Ever notice how the more publicly someone proclaims their piety, and the higher the moral standard they wish to enforce on us, the more depraved they turn out to be? Evangelicals are somehow not very good at picking leaders, for themselves or our nation. Perhaps they should take some lumps about now for their role in this. It’s not enough for them to claim to have been duped. Fool me twice…

I wish that humanity would wake up that leadership that demands an impossible moral code for your behavior is doing it for 3 reasons.

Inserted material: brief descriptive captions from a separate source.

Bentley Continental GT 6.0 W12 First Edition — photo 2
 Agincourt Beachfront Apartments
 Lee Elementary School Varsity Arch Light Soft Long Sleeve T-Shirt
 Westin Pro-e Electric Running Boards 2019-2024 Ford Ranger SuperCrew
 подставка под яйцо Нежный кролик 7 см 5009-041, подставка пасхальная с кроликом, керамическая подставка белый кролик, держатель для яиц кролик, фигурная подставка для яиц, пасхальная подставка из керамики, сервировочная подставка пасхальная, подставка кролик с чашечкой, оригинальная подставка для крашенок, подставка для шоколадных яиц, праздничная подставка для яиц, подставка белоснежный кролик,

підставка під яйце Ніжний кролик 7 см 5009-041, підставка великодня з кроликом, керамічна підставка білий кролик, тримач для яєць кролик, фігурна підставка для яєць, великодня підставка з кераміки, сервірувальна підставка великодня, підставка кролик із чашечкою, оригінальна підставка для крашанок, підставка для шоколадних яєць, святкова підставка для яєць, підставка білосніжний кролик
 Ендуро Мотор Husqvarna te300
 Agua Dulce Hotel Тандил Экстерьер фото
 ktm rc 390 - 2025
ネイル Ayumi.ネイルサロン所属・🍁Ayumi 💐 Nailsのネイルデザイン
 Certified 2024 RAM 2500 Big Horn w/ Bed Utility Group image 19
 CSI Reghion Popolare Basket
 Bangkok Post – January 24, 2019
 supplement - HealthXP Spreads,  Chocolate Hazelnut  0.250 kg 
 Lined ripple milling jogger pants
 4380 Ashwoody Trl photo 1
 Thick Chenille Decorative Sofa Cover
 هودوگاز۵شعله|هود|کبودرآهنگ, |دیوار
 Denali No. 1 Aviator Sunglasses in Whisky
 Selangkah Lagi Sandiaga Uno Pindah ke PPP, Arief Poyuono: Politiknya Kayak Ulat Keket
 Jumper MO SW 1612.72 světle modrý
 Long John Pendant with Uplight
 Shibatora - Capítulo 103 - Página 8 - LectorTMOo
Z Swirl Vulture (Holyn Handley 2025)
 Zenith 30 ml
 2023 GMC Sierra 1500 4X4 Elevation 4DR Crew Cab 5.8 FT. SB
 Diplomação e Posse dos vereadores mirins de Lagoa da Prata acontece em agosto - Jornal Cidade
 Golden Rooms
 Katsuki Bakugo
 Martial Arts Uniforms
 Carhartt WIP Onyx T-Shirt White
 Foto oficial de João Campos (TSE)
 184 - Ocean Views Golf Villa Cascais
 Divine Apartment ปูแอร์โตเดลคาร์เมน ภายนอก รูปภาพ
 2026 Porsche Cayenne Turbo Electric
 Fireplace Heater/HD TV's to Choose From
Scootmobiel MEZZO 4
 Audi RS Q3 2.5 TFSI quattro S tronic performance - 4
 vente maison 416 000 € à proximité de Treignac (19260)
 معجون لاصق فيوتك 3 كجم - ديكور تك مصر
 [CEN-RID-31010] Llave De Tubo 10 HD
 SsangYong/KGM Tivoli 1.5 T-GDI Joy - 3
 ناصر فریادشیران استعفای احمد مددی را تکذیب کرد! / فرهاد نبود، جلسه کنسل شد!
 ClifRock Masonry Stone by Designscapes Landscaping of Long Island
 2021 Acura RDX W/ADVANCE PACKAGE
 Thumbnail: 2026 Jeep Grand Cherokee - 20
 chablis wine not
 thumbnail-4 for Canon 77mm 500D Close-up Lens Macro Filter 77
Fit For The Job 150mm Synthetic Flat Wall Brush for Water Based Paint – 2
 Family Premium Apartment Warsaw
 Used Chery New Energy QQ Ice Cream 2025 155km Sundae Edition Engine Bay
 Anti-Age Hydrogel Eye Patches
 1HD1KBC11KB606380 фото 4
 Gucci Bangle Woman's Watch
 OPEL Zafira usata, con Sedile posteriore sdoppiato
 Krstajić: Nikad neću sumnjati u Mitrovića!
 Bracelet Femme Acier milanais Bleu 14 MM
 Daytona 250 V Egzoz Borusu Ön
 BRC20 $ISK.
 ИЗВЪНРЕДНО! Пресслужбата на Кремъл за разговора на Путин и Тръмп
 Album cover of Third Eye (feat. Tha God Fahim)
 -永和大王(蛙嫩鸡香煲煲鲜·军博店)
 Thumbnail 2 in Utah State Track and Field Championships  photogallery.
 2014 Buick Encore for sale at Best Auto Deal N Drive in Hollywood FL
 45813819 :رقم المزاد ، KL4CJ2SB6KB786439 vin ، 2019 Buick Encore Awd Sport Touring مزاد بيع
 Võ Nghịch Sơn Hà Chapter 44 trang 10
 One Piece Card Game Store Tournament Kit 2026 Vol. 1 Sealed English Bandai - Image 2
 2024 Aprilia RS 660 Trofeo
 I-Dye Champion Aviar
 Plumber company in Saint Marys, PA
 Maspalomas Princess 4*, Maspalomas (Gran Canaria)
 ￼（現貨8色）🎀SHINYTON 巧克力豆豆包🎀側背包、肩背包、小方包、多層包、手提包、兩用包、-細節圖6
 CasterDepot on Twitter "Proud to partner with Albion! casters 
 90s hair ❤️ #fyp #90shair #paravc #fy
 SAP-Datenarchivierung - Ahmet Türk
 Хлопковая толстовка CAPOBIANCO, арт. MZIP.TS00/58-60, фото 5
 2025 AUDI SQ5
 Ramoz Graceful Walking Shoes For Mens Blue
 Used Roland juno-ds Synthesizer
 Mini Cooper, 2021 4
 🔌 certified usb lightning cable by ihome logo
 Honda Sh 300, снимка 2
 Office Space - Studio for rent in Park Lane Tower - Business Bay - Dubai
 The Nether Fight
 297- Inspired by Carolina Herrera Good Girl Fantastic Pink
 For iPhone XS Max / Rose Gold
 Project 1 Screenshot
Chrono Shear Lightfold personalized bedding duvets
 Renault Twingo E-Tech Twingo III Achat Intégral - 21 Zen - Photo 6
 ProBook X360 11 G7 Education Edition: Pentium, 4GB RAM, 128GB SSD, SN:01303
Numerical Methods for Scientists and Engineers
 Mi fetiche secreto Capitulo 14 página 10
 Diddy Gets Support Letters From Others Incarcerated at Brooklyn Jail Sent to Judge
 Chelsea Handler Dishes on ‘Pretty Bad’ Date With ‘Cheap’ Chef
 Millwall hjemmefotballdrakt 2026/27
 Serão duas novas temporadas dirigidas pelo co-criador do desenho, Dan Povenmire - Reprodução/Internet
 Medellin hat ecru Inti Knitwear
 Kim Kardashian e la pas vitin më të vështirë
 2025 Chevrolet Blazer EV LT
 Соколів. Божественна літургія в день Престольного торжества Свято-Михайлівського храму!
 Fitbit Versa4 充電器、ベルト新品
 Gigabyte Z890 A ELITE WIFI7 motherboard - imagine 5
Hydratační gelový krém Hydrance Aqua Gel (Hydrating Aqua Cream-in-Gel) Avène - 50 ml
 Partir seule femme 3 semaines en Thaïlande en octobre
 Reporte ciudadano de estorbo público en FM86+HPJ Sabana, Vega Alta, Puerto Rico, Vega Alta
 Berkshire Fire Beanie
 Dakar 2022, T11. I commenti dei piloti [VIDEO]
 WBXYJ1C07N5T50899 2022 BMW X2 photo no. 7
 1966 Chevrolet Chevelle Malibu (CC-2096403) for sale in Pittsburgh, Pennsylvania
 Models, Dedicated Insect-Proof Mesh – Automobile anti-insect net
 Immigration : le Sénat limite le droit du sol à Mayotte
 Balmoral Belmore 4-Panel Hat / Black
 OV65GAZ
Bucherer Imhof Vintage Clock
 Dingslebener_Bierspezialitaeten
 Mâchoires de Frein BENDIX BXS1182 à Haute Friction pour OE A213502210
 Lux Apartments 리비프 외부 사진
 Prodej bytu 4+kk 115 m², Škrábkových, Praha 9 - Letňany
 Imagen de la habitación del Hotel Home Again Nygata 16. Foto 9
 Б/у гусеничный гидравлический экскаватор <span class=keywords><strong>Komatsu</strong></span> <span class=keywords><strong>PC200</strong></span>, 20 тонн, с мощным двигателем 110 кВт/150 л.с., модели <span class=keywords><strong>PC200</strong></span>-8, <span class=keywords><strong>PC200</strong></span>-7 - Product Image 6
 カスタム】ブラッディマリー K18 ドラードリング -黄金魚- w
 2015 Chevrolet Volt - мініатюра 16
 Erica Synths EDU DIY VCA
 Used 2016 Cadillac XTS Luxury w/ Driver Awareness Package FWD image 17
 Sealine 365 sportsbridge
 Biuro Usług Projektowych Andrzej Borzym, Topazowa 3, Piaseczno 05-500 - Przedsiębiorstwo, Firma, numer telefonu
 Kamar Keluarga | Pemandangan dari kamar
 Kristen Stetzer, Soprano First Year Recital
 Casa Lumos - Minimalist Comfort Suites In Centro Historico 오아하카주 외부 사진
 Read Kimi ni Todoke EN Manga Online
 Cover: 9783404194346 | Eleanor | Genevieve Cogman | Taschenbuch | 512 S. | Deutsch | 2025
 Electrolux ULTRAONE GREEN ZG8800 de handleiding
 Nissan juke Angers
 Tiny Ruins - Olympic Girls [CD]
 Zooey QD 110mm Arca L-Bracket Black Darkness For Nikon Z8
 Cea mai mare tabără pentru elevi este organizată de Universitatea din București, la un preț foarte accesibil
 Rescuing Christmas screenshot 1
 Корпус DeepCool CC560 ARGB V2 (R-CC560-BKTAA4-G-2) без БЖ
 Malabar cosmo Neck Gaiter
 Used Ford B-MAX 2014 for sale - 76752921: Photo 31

  1. To control you. By providing an unreasonable, unattainable standard for your behavior, the reality of your (apparently) unstoppable sinning keeps you in their comforting, forgiving arms.
  2. Their own personal morality is so corrupt they cannot conceive that morality in our behavior could be enforced any other way but by law (no poking this or that in the following places: … ) and threat (you are going to hell). Their demons are only barely hidden, so we must be treated as their own shame secretly demands they should be.
  3. People in high religious office are all sinners. If only because they are people. All too often, they and their followers believe that their position and importance to the smoother function of society is so great that they are exempt from acting as they demand we do. To me this includes claiming to know the will of God, while for the layperson, God is defined by her unknowability. This hubris alone destroys the legitimacy of their power, as it was based on claims of a higher connection to morality or god that you or I or any human can actually have. This is why you should not listen to preachers as an absolute authority on anything. One that speaks as he were is only revealing his sad hubris and should be ignored. There is a lot to learn from a Teacher, but little from a Pastor.

Perhaps the best thing we can do for humanity is to create a robot pastor. One that says all the right things, has no foul urges and can site biblical passages and esoterica perfectly at just the appropriate moment.